------ Data to examine ------

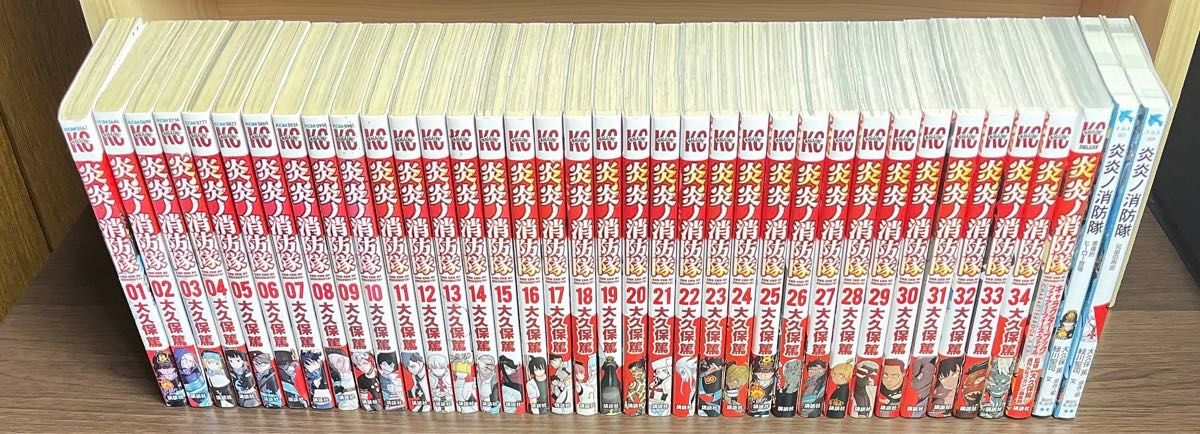 炎炎ノ消防隊 ソウルイーター 大久保篤シリーズ 全巻 初版多数｜Yahoo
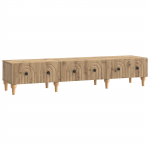 Telerikapp sahtliga artisan tamm 147 x 34,5 x 30 cm tehispuit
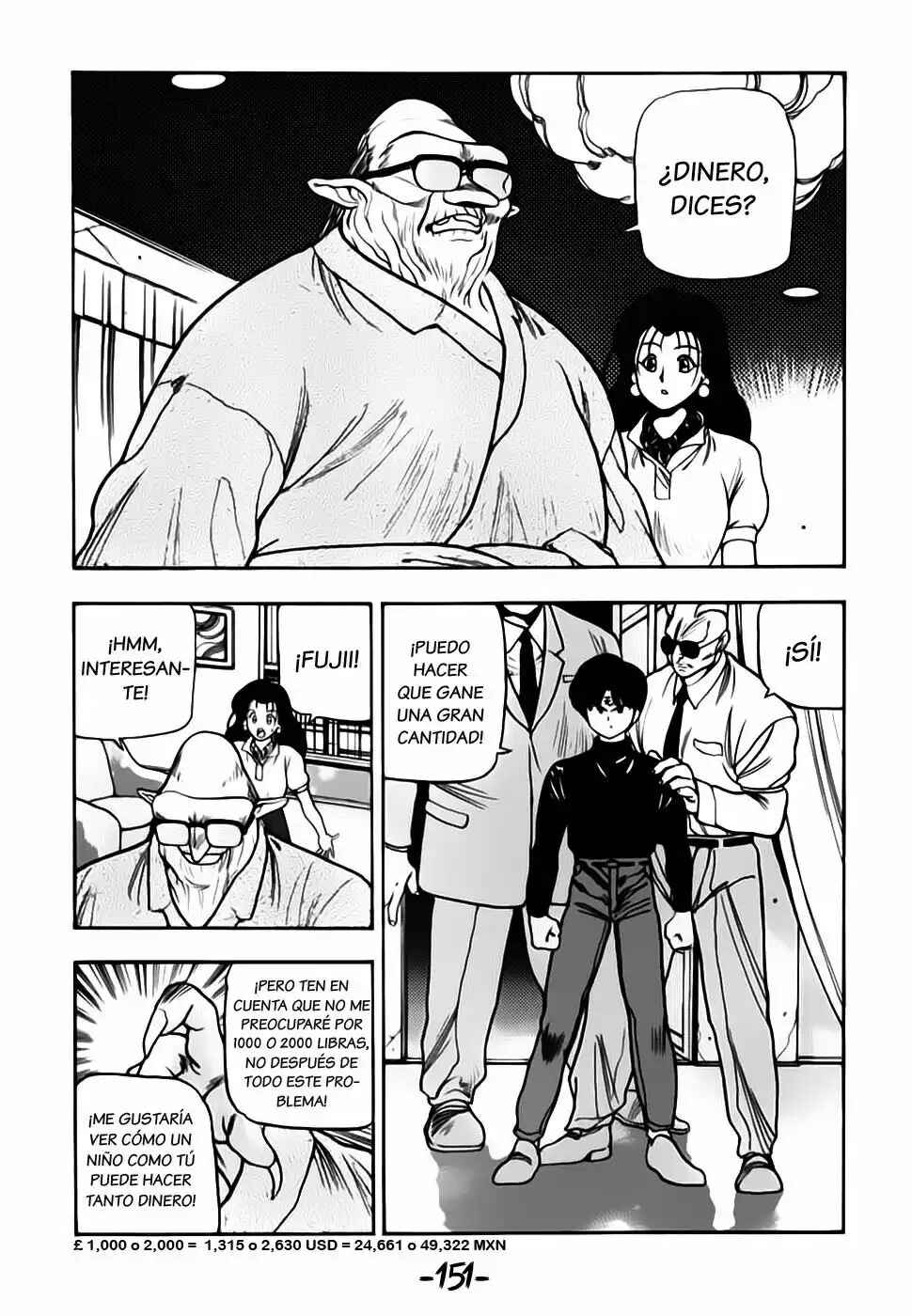 3×3 EYES Chapter 158 - Page 2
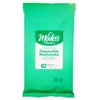 Generic (2 pack) Modess Basics Alcohol-Free Disposable Washcloths, (two -18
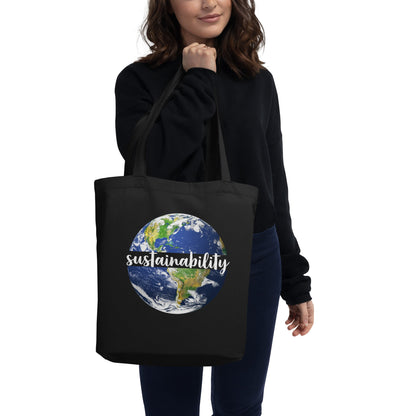 "Embracing Growth" Eco Friendly Tote Bag - Motivational Wonders LLC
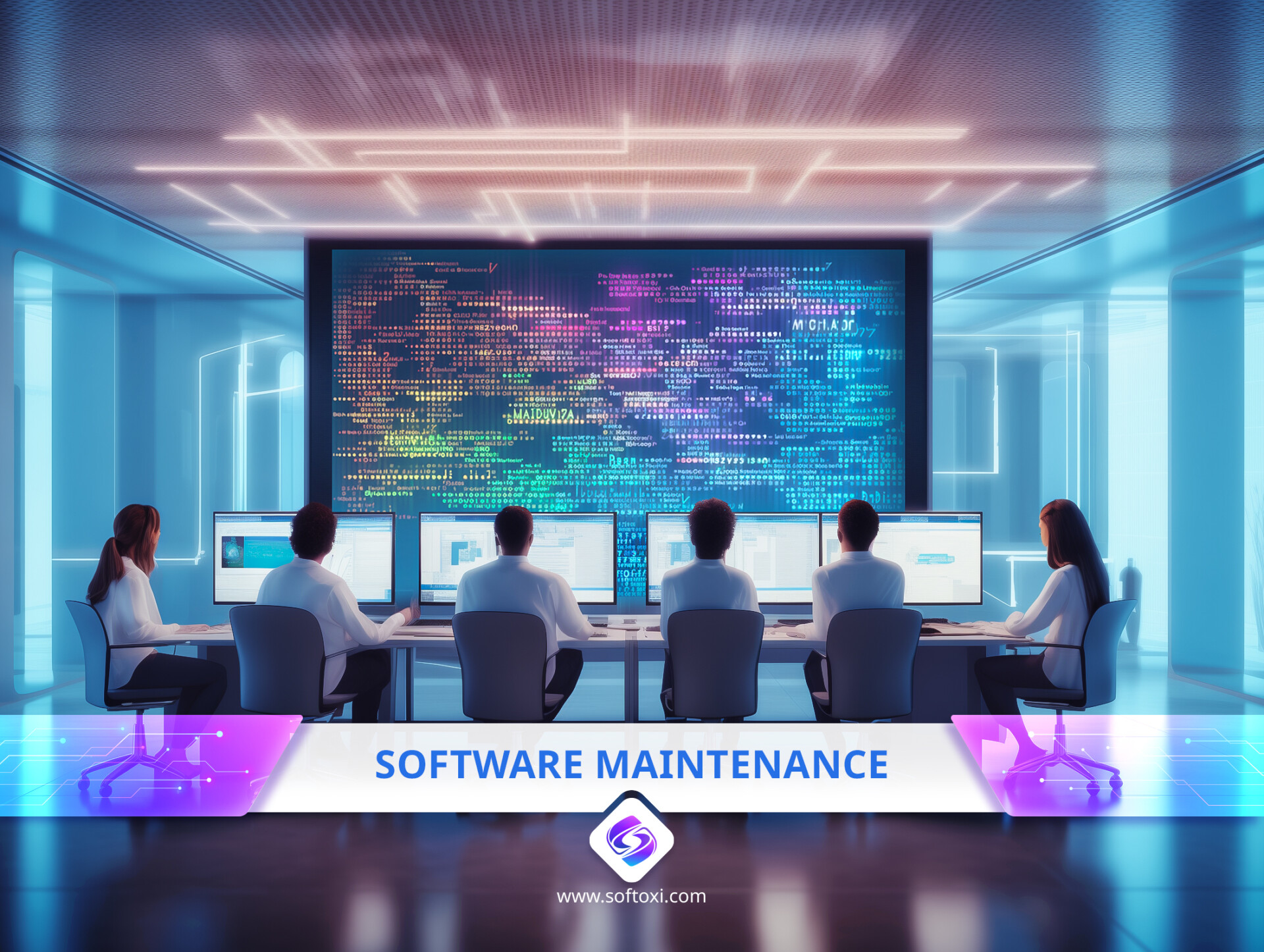 Software application maintenance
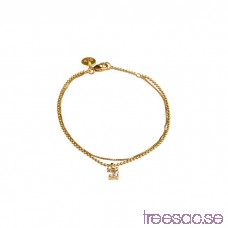 Syster P Armband Adorable Gold Crystal ghzgqpxrK5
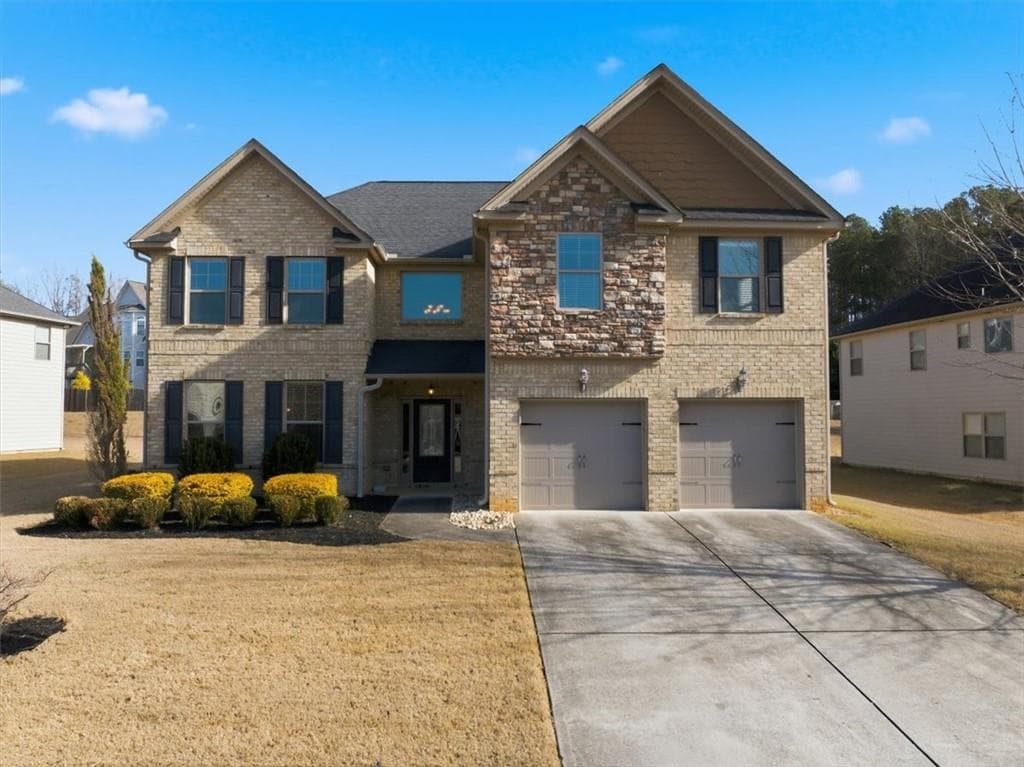 4 bedroom, 3 bathroom, 2,993 sq ft single family residence sold at 2433 Noelle Lane, Powder Springs, GA 30127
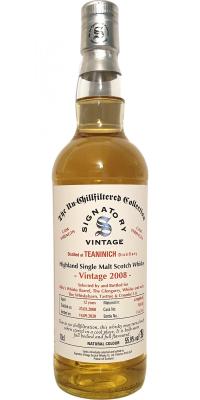 Teaninich 2008 SV The Un-Chillfiltered Collection #704330 55.9% 700ml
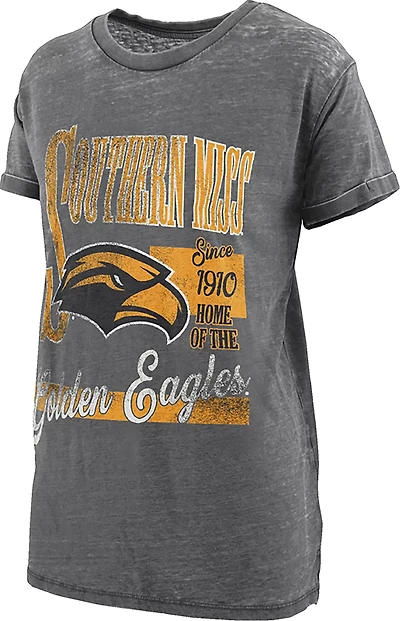 Pressbox Women's Southern Miss Stephen Boyfriend T-shirt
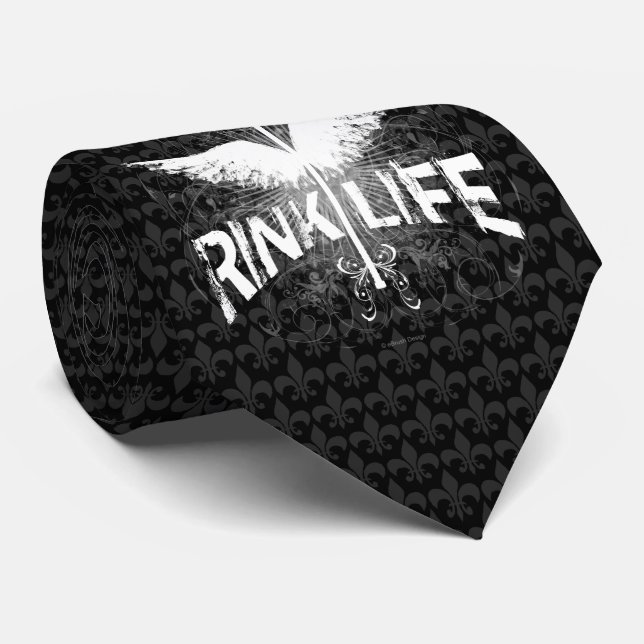 Rink Life (Hockey) Tie Slips (Rullad)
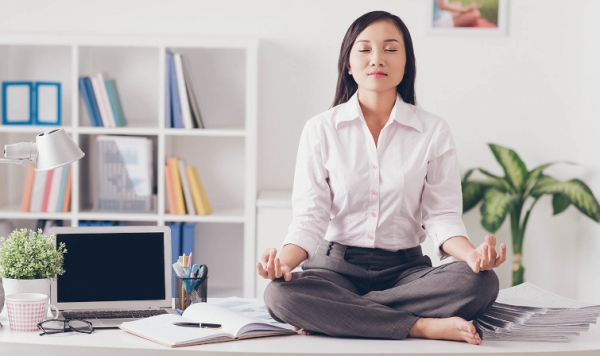 yoga classes for your employees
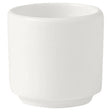 Monaco White Footless Egg Cup 4.75cm (1 7/8") - Pack 12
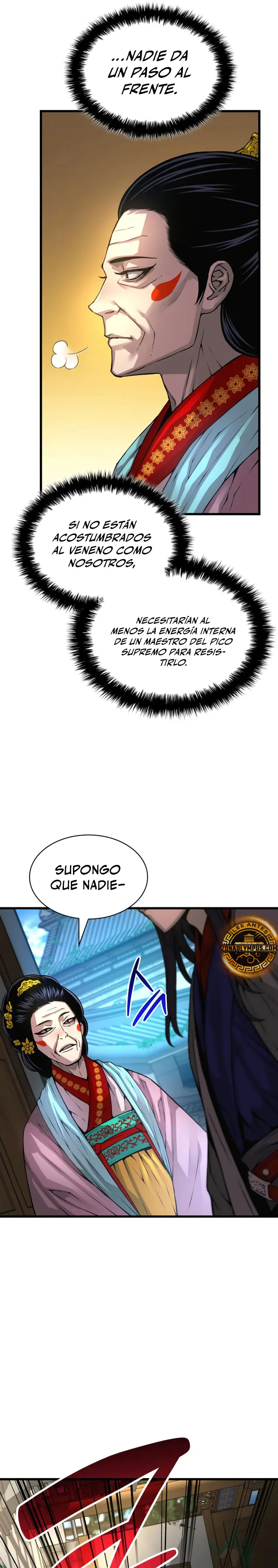 El Dios Caotico de Fuerza Extraordinaria capítulo 100, página 33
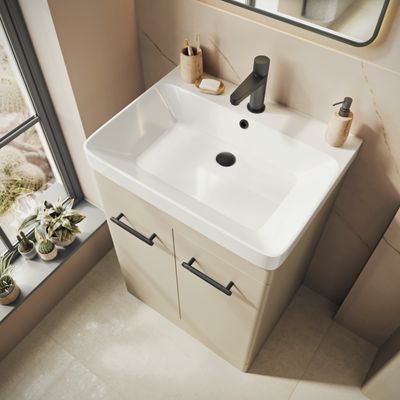 Rossini 600 Vanity Unit in Stone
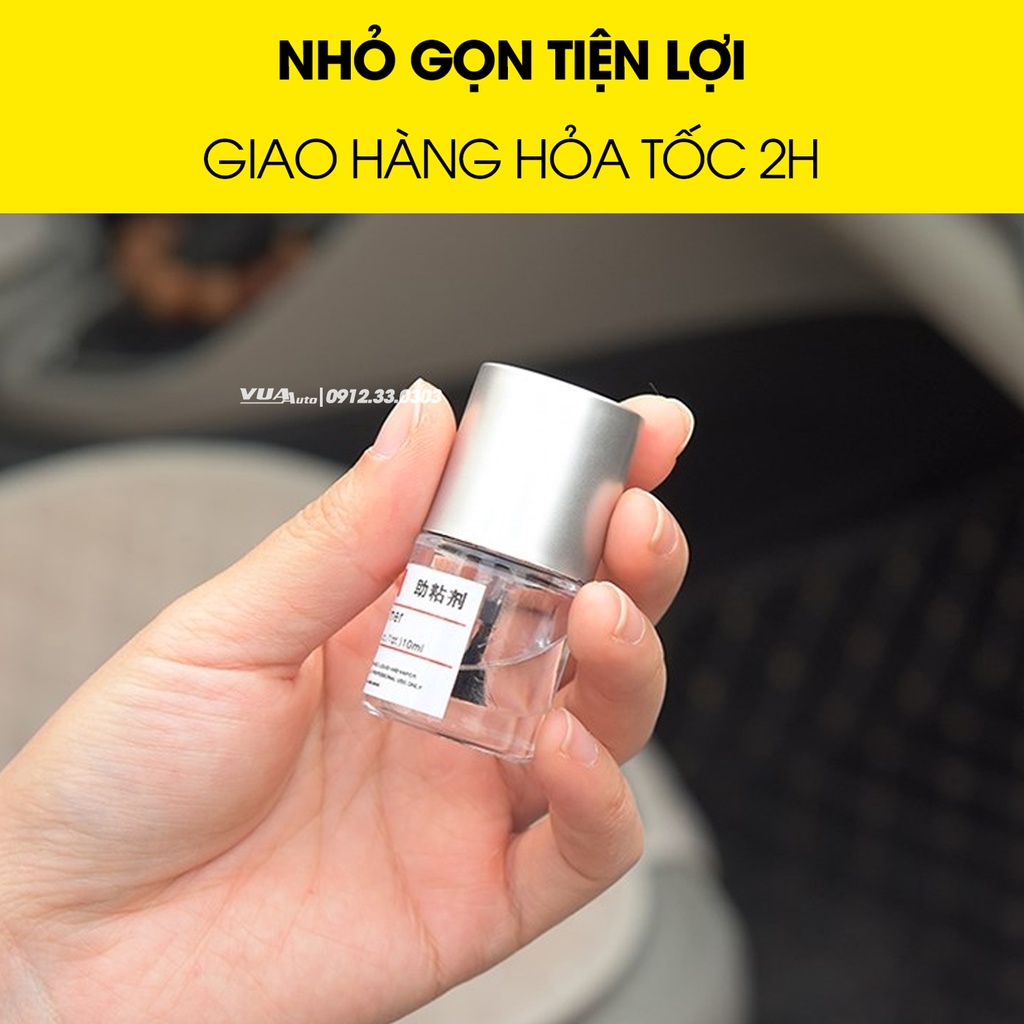 Keo nước trợ dính 3M dung môi tăng độ bám dính chắc chắn cho băng keo nhỏ gọn tiện lợi dung tích 10ml VuaAuto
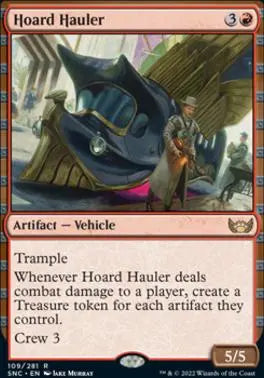 Hoard Hauler Streets of New Capenna (R) Collector #: 109 FRENLY BRICKS - Open 7 Days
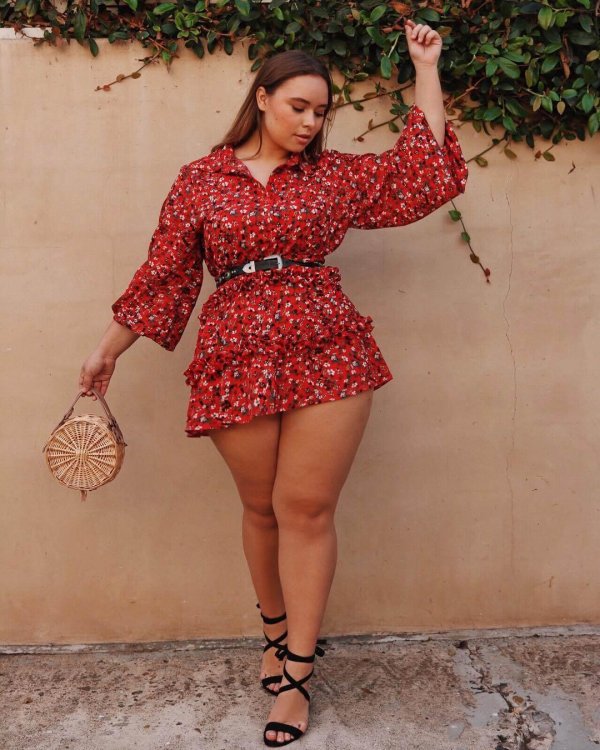 С пухлыми девушками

------

Given the listing above, repeat exactly the lines starting at the one with "Syster P Armband" and ending at the one with "Teaninich 2008 SV", inclusive, excluding pictures.

# Expected answer:
 Syster P Armband Adorable Gold Crystal ghzgqpxrK5
 4 bedroom, 3 bathroom, 2,993 sq ft single family residence sold at 2433 Noelle Lane, Powder Springs, GA 30127
 Teaninich 2008 SV The Un-Chillfiltered Collection #704330 55.9% 700ml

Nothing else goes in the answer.